この演劇は1945年8月15日の終戦を境にして、軍国主義から民主主義へと価値観の変化が普通の人々の生活に巻き起こした混乱をえがいたコメディである。
舞台は神主(石井愃一)一家の住居、居候や戦災で家を失った人々が住んでいる。
その中には東宝争議中の映画の助監督などもいて、基本的人権、主権在民、戦争放棄、と憲法の学習のようなセリフも出てくる。
下女のような扱いをうけている神主の長男の妻(野々村のん)は感化されて、待遇改善を求めてストライキを始める。
そして神主の養子千代吉(佐藤B作)に民主主義を説いている。
陸軍大佐の未亡人で元国防婦人会の緑川(あめくみちこ)は民主的活動家に転身し、家は焼けているので泣く泣く鳥小屋に住んでいる。
この緑川、戦時中は指輪を供出しなかったにもかかわらず、神主の長男の妻の指輪は取り上げて供出していた。
舞台中盤あたりで女どうしのバトルが登場したりする。
しかしながら舞台が東京ということなのか政治と日常がこんなに密接に描かれてはいるのだがそれがおしつけがましくない。
東宝争議が有名でも田舎に住んでいたら他人事である。
しかし神主一家が渦中の人たちと住んでいるからクローズアップされているわけである。
映画俳優の情報がリアルタイムに知ることが出来るということ、そして焼け出されて住むところがなくて、たまたま神主の家に居合わせたという御縁だけだが、連帯感が湧いて東宝争議団の応援をしたりする間借り人達、そのうちに今度は1947年2月1日ゼネストが神主一家を巻き込んでいくことになる。
神主と仲の良い居候達は闇市で商売を始めているので本当はゼネストをしてほしくないけど(商売に影響がでるため)ポーズではデモに行っていたりする。
舞台後半最終あたりでゼネスト中止のラジオ放送を聞く場面では、1945年8月15日の天皇の玉音放送とだぶらせているような感覚を持ってしまった。
私達は20世紀半ばの戦後から21世紀になり70年平和な日本で、民主主義の世の中を当たり前のように生きている。
普段、気にもかけないでいる。
普通の人々が社会の価値観の変化でふりまわされて生きることの滑稽さ、おかしくて切ない、こんな事態にならないようにちょっぴり社会と個人生活の関係性も頭の隅におこうと思う舞台である。
(あやめ1 藤井晶之)

「パパのデモクラシー」用語豆辞典

▼デモクラシー:民主主義
戦後、GHQによって課された最大のテーマが「デモクラシー」。
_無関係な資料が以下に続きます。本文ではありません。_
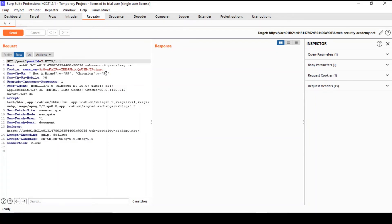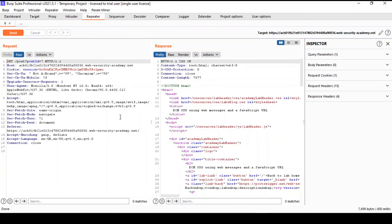For example, we send this request to the server and see the responses we get. We've got a 200 status there and we've got an HTML page back.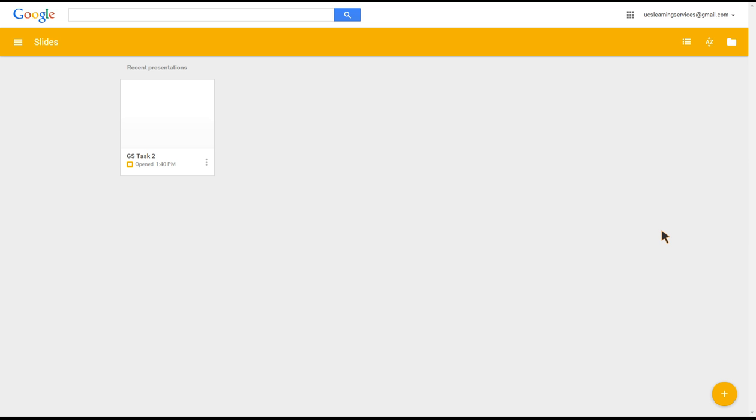Okay, so task three. As the text says, log into slides.google.com if you're not already there, or go back to slides.google.com which takes you back to the slides dashboard.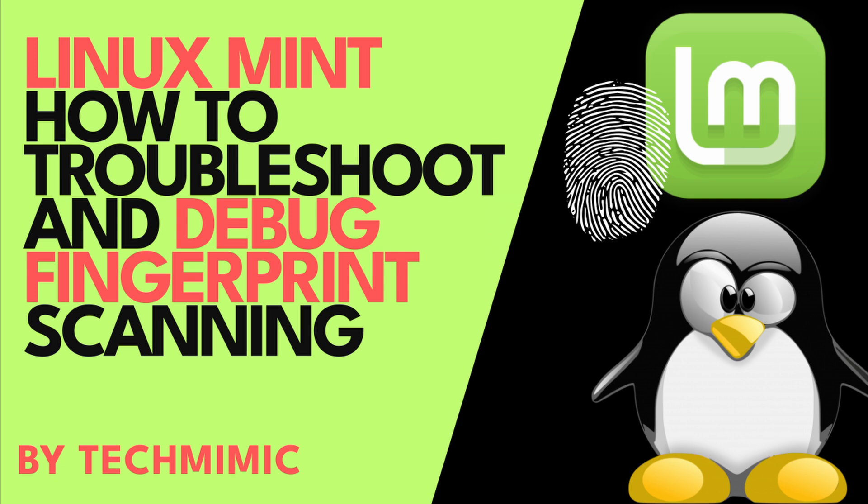Welcome back to Tech Mimic, where you can simply view, imitate, replicate and get on with your day. If there is a specific issue for which you would like to see a video, please leave a comment.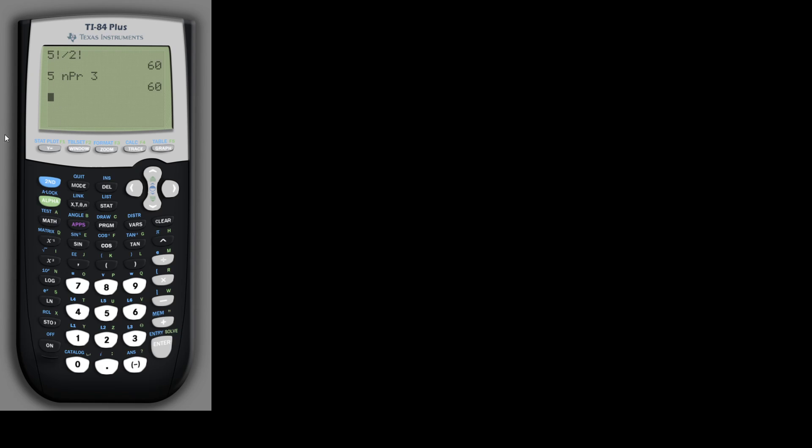If you want to do combinations, again you could do it manually with the formula, or you could do the same thing, and again you would need to put in your N value first. So let's say we wanted to do 12 choose 5 like the example we did earlier.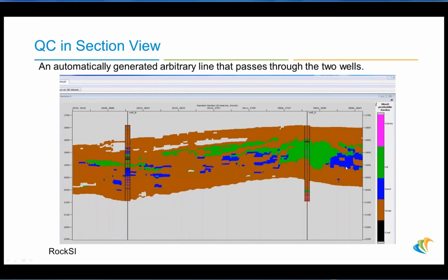The winner volume produced is the most probable lithophases type, shown here in a section view with the wells. Here we have a well with good oil sands, and we see the corresponding distribution of oil sands as we move laterally away from the well in section view. Here we see oil sands occurring, and the prediction of the most likely lithophases type being oil sands. The water sands appear down below.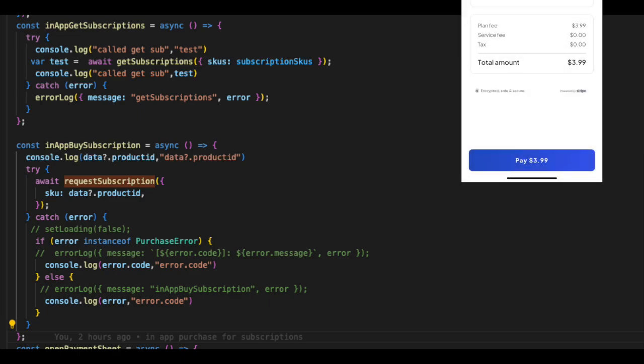Before calling in-app buy subscription, we need to call in-app get subscription to get all the subscriptions. On the pay button, we need to call in-app buy subscription where you need to send the product ID and then request subscription, which is a React Native IAP function.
それまでの価値観・思想が大きく転換され、人々を混乱させた。

▼GHQ:連合国軍最高司令官総司令部
太平洋戦争終結に伴うポツダム宣言を執行するために日本で占領政策を実施した連合国軍の機関。その構成員の多くは米国軍人と米国民間人で、他に英・豪軍人も含む。

▼東亜の開放:欧米の植民地支配から東・東南アジアを開放するという、先の大戦で日本が掲げた目標。

▼財閥:富豪の一族。
戦前の財閥は1947年GHQの指令により解体された。その後四大財閥などは企業グループとして再結集している。
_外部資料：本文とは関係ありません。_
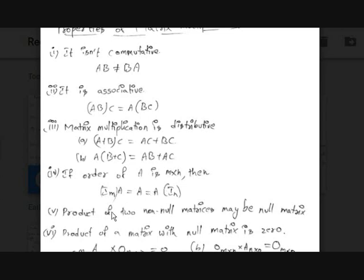The next property is that the product of two non-null matrices may be a null matrix — meaning even if neither matrix has all-zero elements, their product can result in a null matrix. Also, the product of any matrix with a null matrix is always a null matrix: A_(M×N) · O_(N×P) = O_(M×P), and O_(M×N) · A_(N×P) = O_(M×P). Both forms are stated separately because A·B ≠ B·A in general.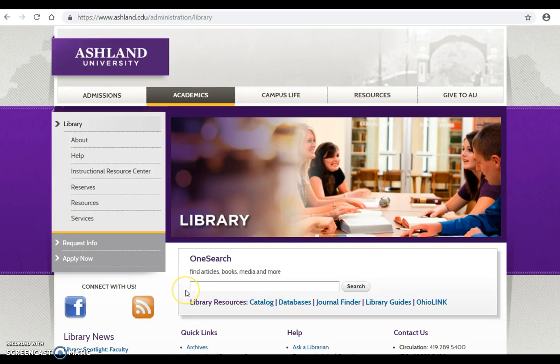OneSearch is prominently located on the site. It is possible to use OneSearch to locate juvenile books; however, the library catalog is best suited for our purposes. Why? Results returned in a catalog search are AU Library specific.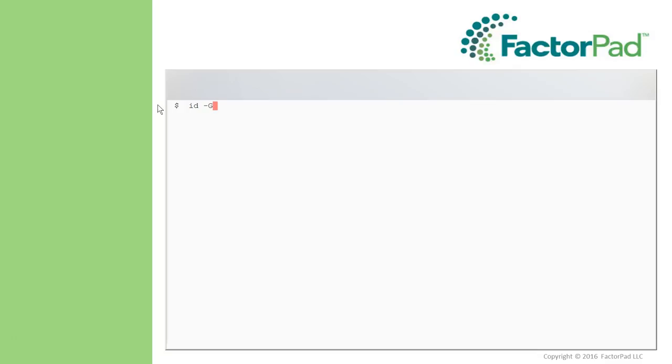So here we go. Let's start with an ID dash capital G for Paul. And there's a group number, but let's make it more descriptive with an N at the end. And that looks better.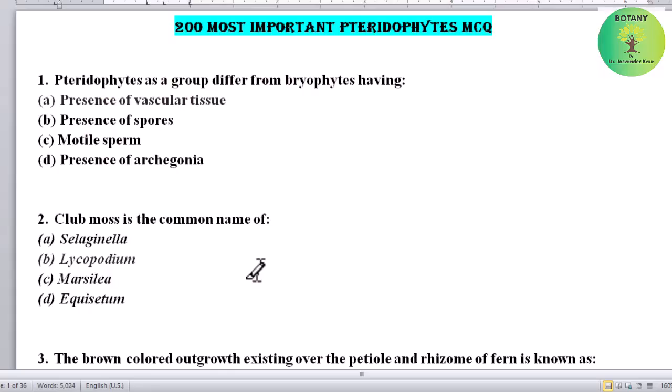Hello students, welcome to your channel. Today I am sharing a new series with you: 200 most important Pteridophytes MCQs. These are very important for all exams. So without wasting time, let's start.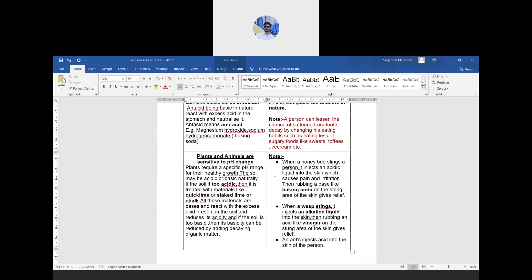An important note: when a honey bee stings a person, it injects an acidic liquid. It is advised to rub the affected area with baking soda, which neutralizes the injected acid. On the other hand, when a wasp stings, it injects an alkaline liquid, so rubbing with vinegar will neutralize the effect.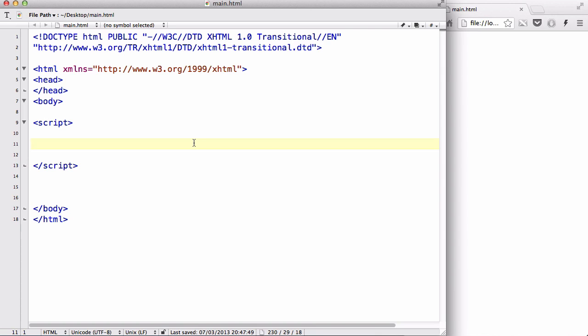Hey guys, in this video we are going to be looking at ways in which we could create new HTML elements using JavaScript and HTML.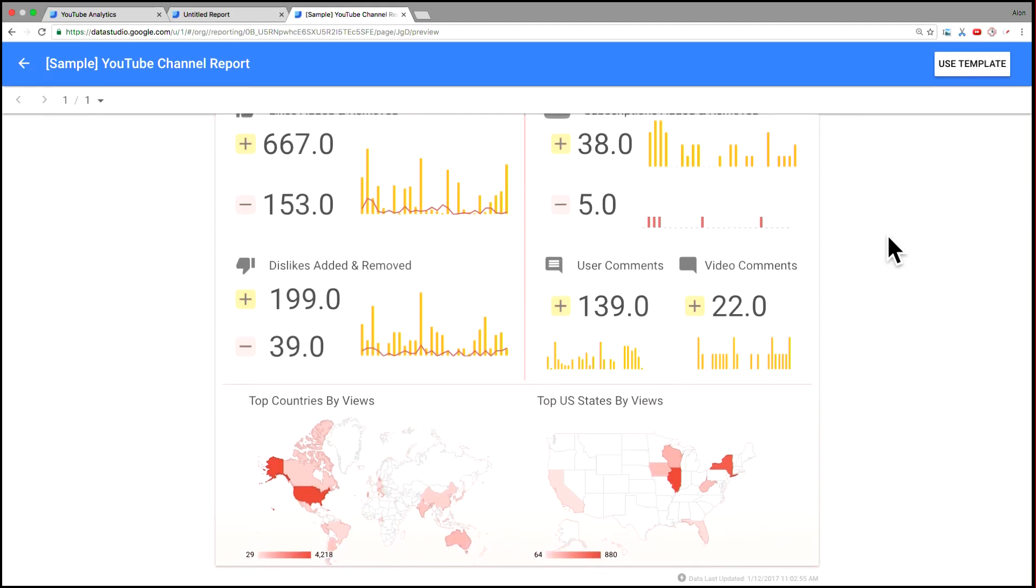Just to finish off the walkthrough of the report here, finally, we've got a couple of maps here showing views. So the first view here is on the left is by country, so an entire global view.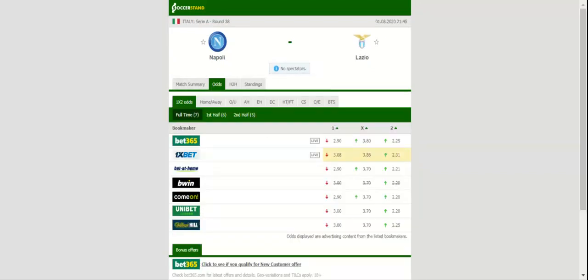Gennaro Gattuso's troops booked their place in the Europa League through the Coppa Italia, meaning that they have little to play for in the last match of the season. The Bianco Celesti on the other hand recorded a 2-0 win over Brescia in midweek, with the team extending their winning run in Serie A to three games.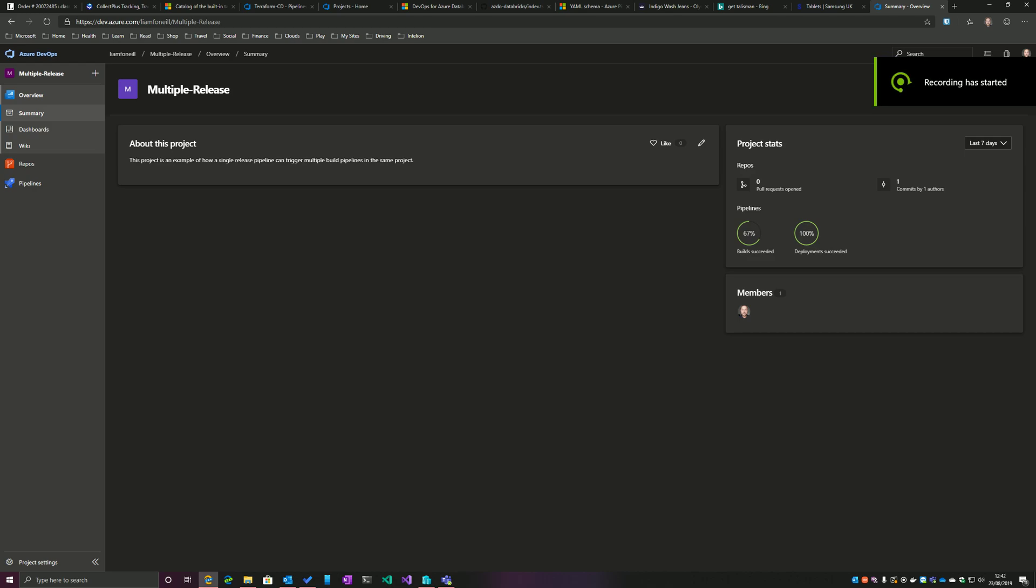Hi, in this video I want to demonstrate how in an Azure DevOps project we can have a single build pipeline that is able to trigger multiple separate release pipelines. In order to do this, let me run through the project structure and how it's set up. Here we can see that I've got an Azure DevOps project called Multiple Release.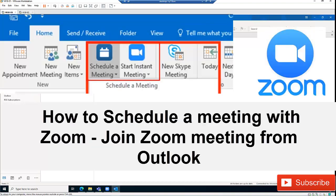Welcome to my YouTube channel. Please, before you continue to watch this video, don't forget to hit the subscribe button by subscribing to my channel. I'm going to discuss with you how to schedule a meeting using Zoom.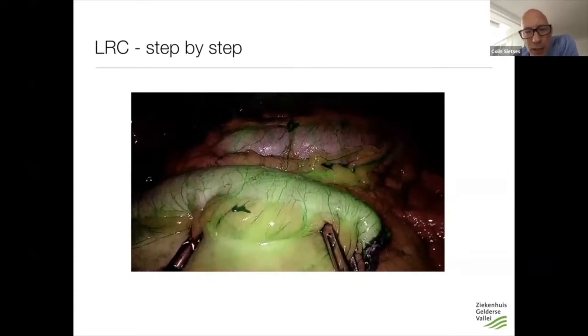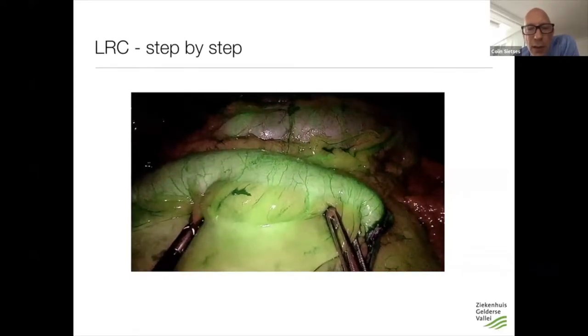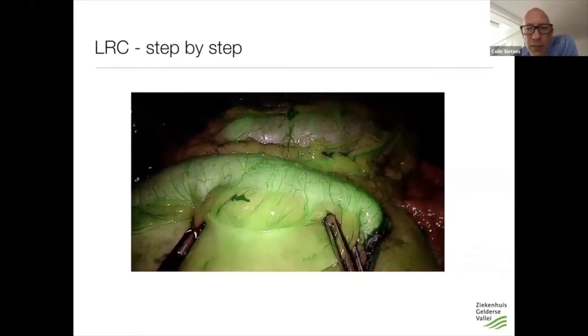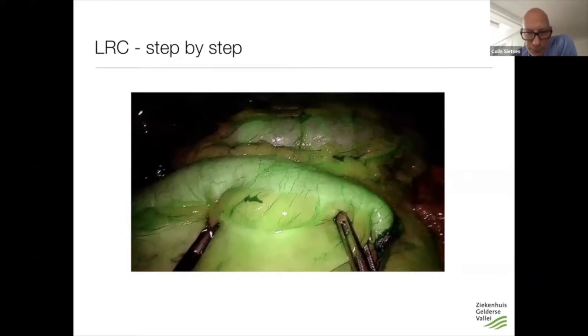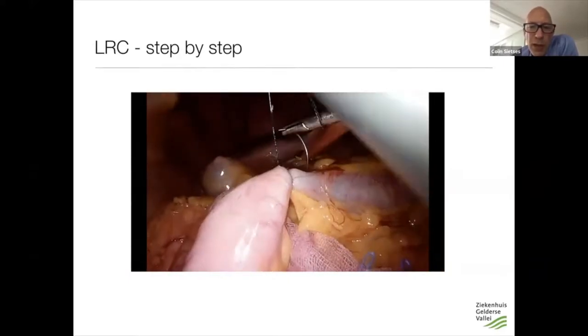We put the specimen in a large endobag and leave it in the abdomen. Then we look with ICG whether there is good vascularization. In this case there is, and then we make a stapled anastomosis.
▼水団(すいとん):小麦粉で作った団子を汁で煮込む郷土料理。戦時中の代用食。

▼国防婦人会:1932年から1942年まで存在した婦人団体。出征兵士の送迎など戦争協力団体として活動。

▼新憲法の三原則:1947年5月3日に施工された日本国憲法。[国民主権」「基本的人権 の尊重」「平和主義」を三原則とする。
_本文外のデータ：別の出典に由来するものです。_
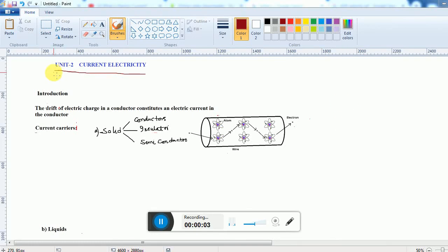In this video we are going to start the new unit called current electricity. We will learn what is meant by current electricity. In the previous unit we learned about electrostatics or static electricity, and we covered different applications like electric field, electric potential, electric potential energy, and many other things.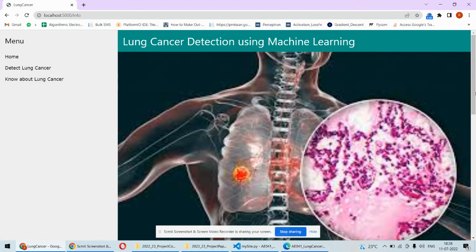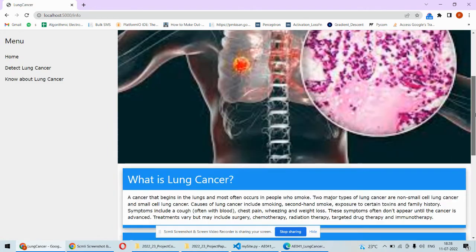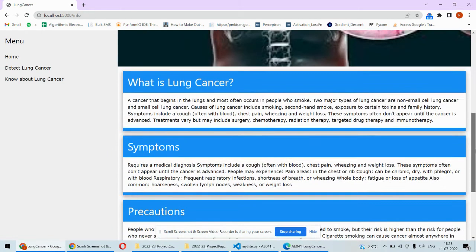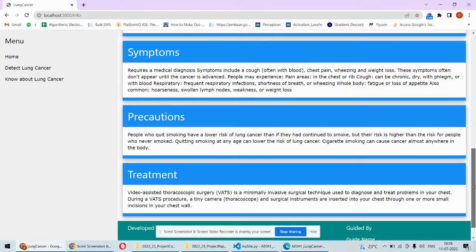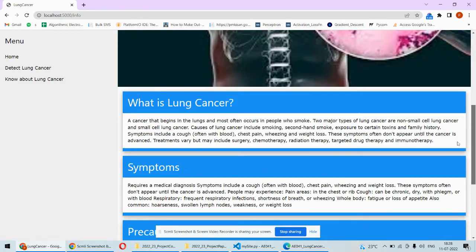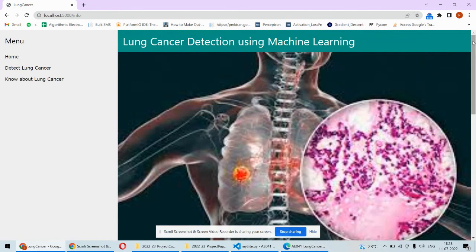And of course we are having one additional page about the lung cancer, its symptoms, precautions, and here also you can add your own information as well as it is a static page. In fact we can add multiple such pages as well.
▼東宝争議:大手映画会社、東宝で発生した労働争議。従業員の九割5600名の組合員を持つ巨大勢力となった組合が、賃上げや労働時間の制約を求め、会社と対決した。

▼十人の旗の会:第二次東宝争議のあと、ストにも反対、会社にもつかないと表明した、当時の東宝の大河内伝次郎、長谷川一夫、高峰秀子、山田五十鈴、原節子ら十大スター。後に「新東宝」を設立。この穴を埋めるため、東宝は「ニューフェース」として、三船敏郎、久我美子、岸旗江などを起用した。

▼インターナショナル:労働組合の団結意識を高める際歌われる。1917年から1944年の間ソビエト連邦の国歌でもあった。

▼2.1ゼネスト:1947年2月1日に計画されたゼネラルストライキのこと。全国全産業でのゼネストが計画されていたが、GHQのマッカーサー司令官の指令により中止となった。日本の共産化を懸念したためだったと言われる。当時の伊井労組委員長は涙ながらにラジオで中止の決定を宣言した。

▼かつぎ屋:農村から闇で買い出した食料を都市に運ぶ職業。

▼復員:兵隊が招集を解かれ、帰ってくること。

▼国家新道:国家権力の保護を得て、国家的性格を持った神社神道。天皇制支配の思想的支柱とされた。

▼特高:特別高等警察。言論、思想の取り締まりをした。敗戦後、廃止。

▼禰宜様:神主様

▼隠匿物資:陸軍や海軍が降伏のどさくさに隠しこんだ食料や資材。

▼闇市:闇取引の品物を売る店が集まっている所。

▼軍需工場:軍隊、兵備、戦争に必要な物資を作る工場。

▼検閲:公権力が、表現行為ないし表現物を検査し、不適当と判断する場合には発表を禁止すること。

▼パンパン:戦後の日本で、進駐軍兵士を相手にした街娼(がいしょう)。パンパンガール。

▼カストリ焼酎:終戦直後の日本で出回った、粗悪な焼酎及び、闇市に氾濫した粗悪な密造酒。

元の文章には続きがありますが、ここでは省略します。